• INSTRUCTIONS FOR THE TASK: Copy the records below exactly, starting at the line that contains "Used 2023 Nissan Rogue SV AWD/4WD image 30" and ending at the line that contains "Аксесоари BMW Серия"; leave out any pictures.

• SOURCE DATA:

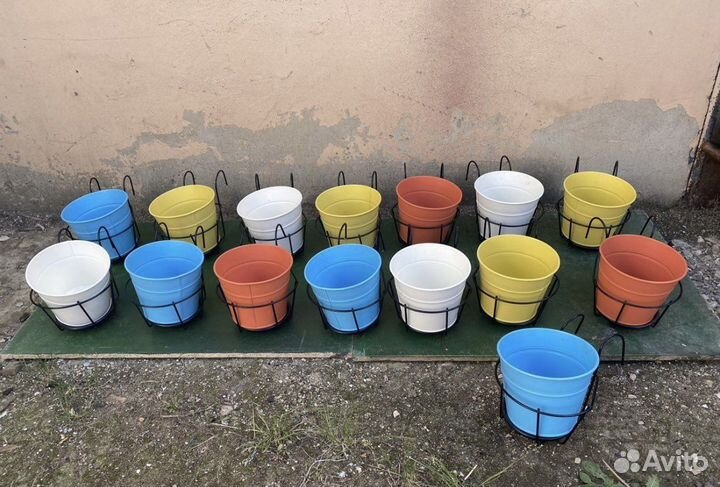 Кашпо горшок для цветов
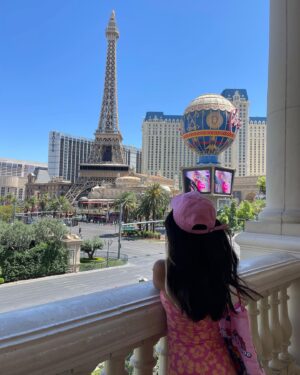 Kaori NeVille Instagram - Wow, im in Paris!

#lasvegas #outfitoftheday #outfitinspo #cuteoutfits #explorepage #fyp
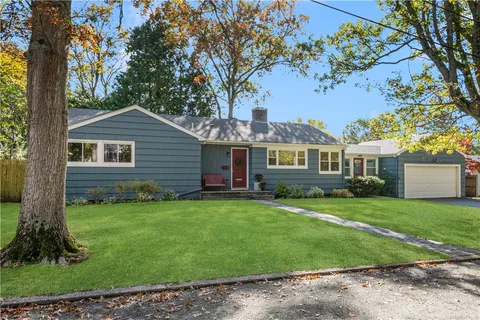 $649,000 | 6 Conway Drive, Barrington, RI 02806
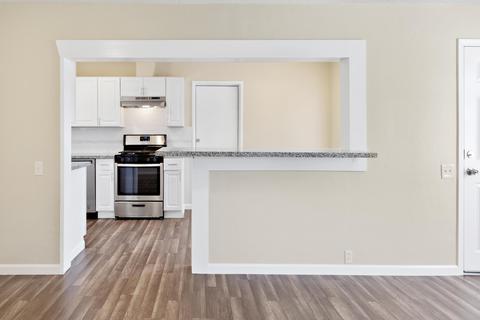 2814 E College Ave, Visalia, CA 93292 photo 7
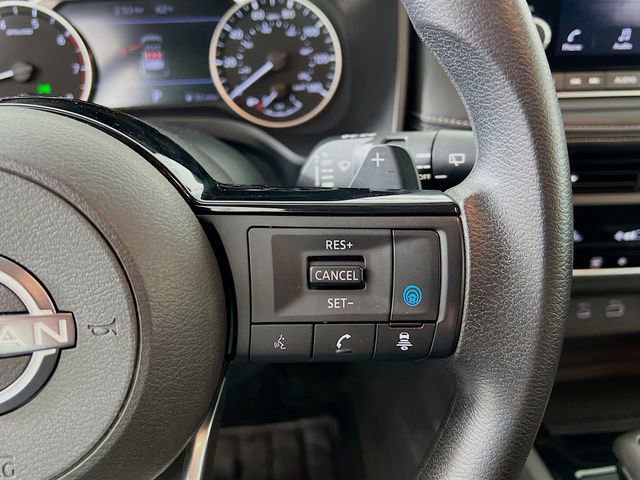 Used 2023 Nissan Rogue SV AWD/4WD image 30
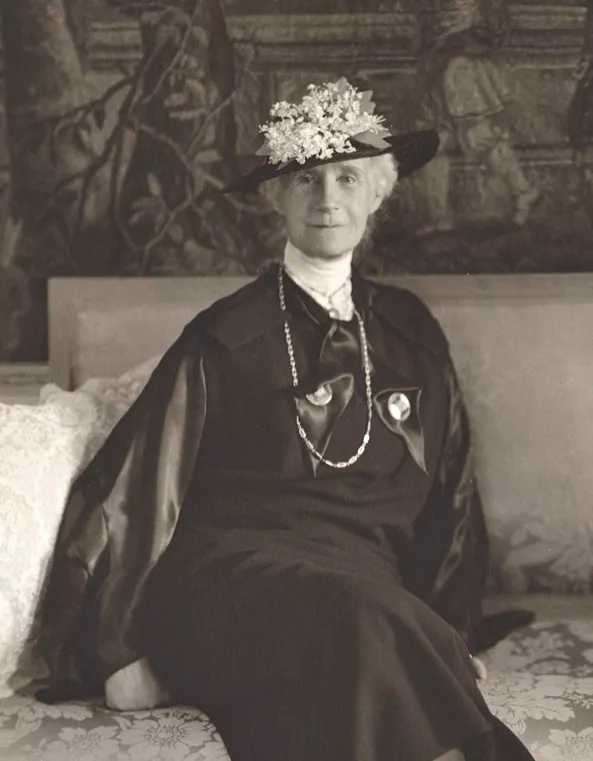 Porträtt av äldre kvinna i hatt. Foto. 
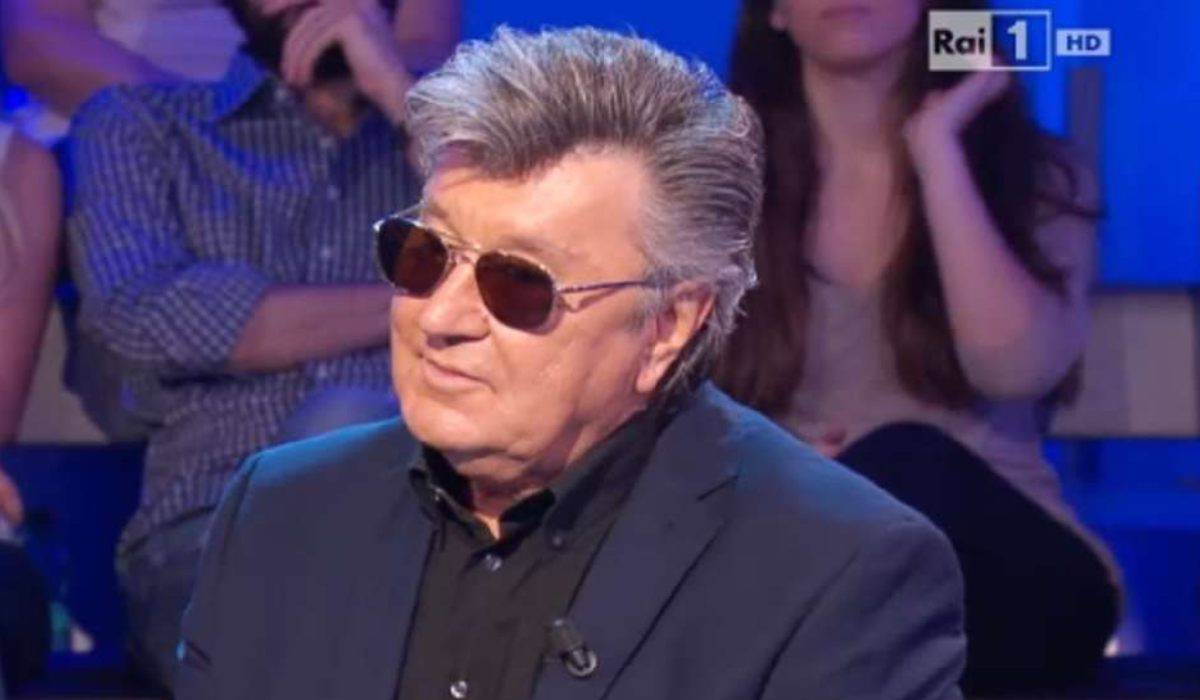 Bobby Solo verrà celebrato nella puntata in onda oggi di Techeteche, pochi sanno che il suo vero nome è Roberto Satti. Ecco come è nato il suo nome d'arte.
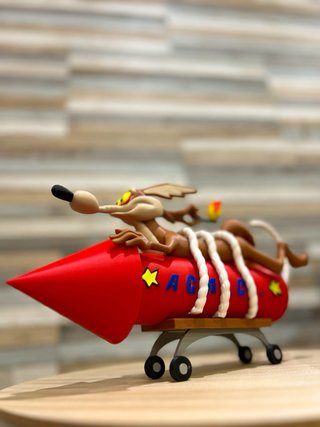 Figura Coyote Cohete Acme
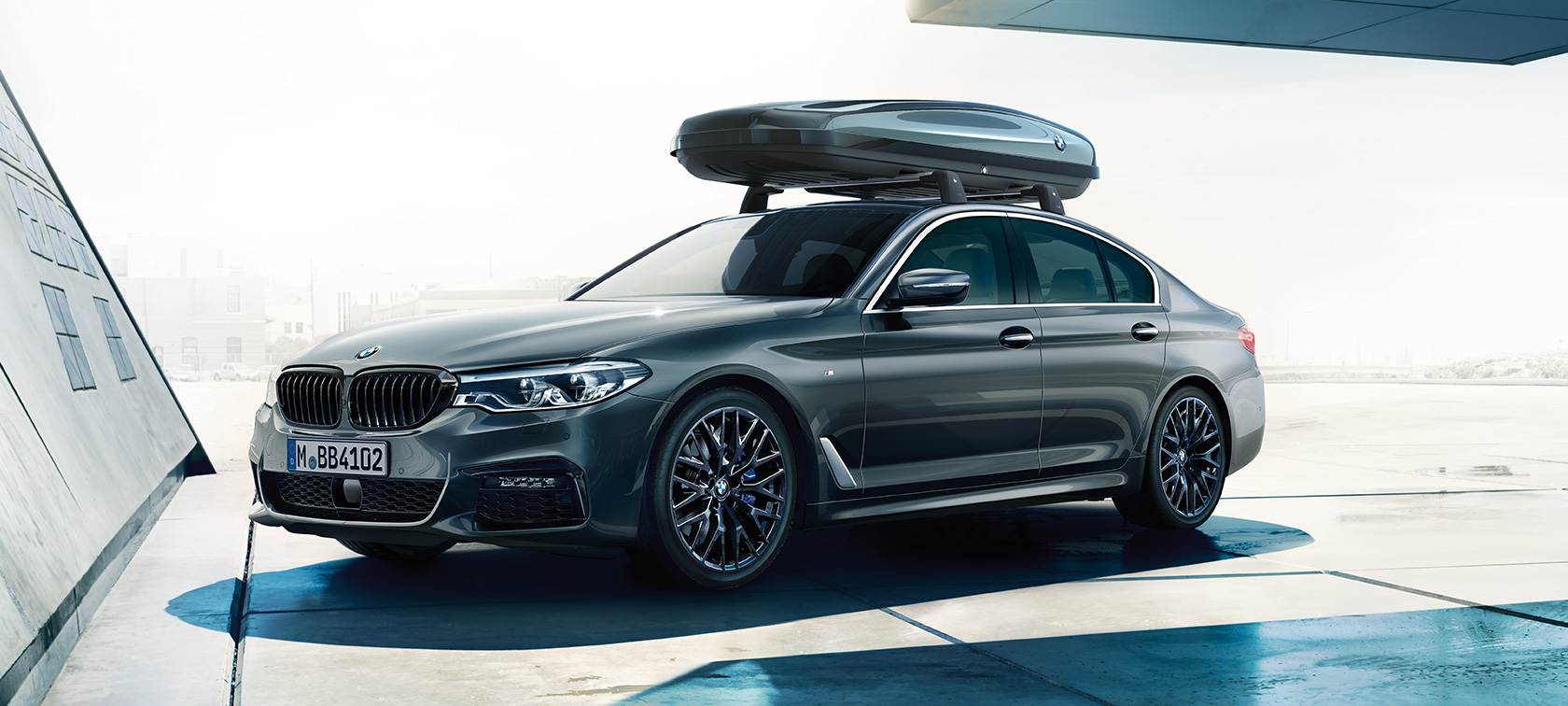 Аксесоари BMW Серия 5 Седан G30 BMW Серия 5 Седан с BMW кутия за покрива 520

---

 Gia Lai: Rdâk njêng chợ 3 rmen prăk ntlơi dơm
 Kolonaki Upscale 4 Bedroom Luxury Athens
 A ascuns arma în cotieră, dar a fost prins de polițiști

==

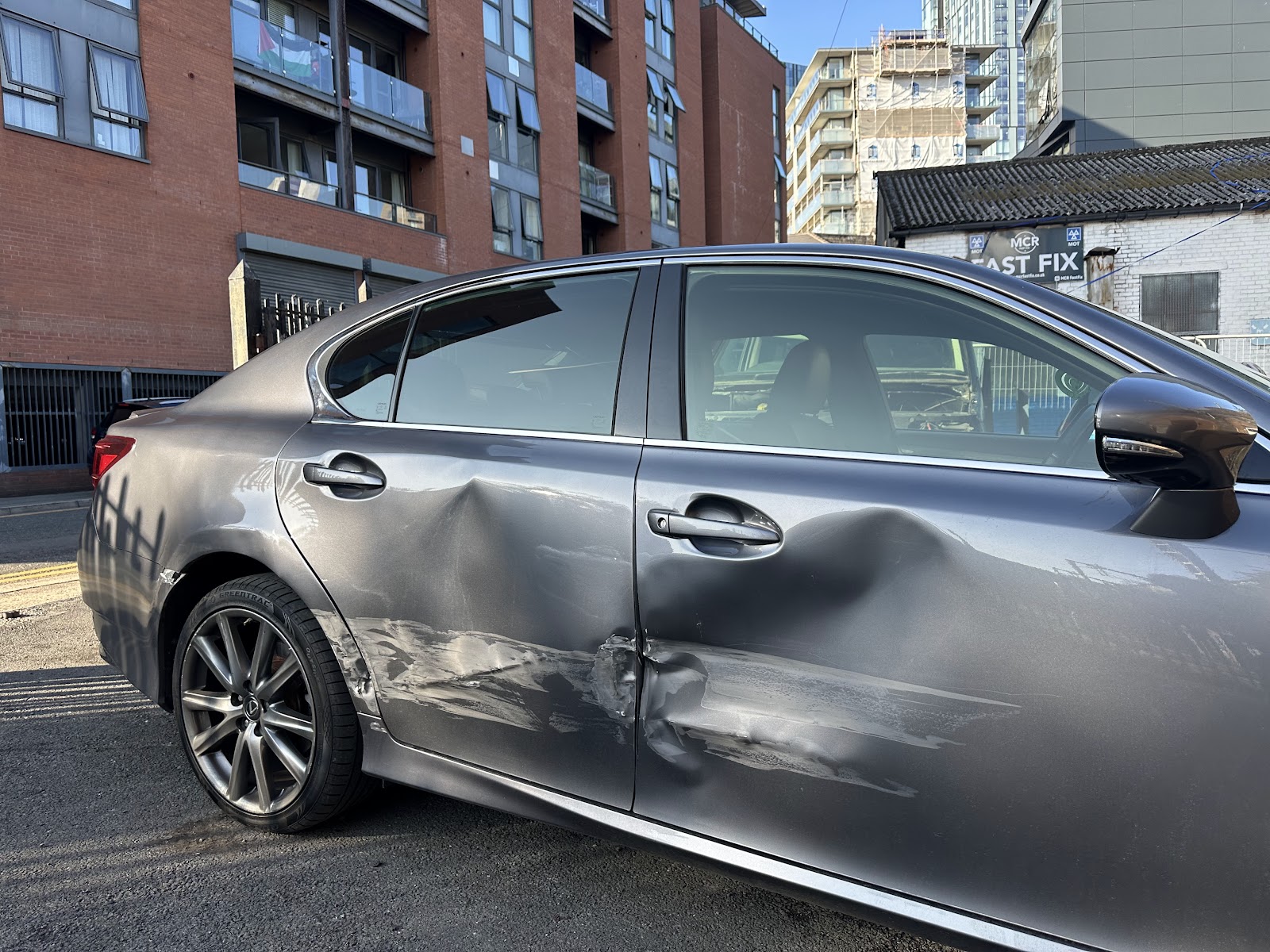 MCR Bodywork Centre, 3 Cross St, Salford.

• RESPONSE:
 Used 2023 Nissan Rogue SV AWD/4WD image 30
 Porträtt av äldre kvinna i hatt. Foto. 
 Bobby Solo verrà celebrato nella puntata in onda oggi di Techeteche, pochi sanno che il suo vero nome è Roberto Satti. Ecco come è nato il suo nome d'arte.
 Figura Coyote Cohete Acme
 Аксесоари BMW Серия 5 Седан G30 BMW Серия 5 Седан с BMW кутия за покрива 520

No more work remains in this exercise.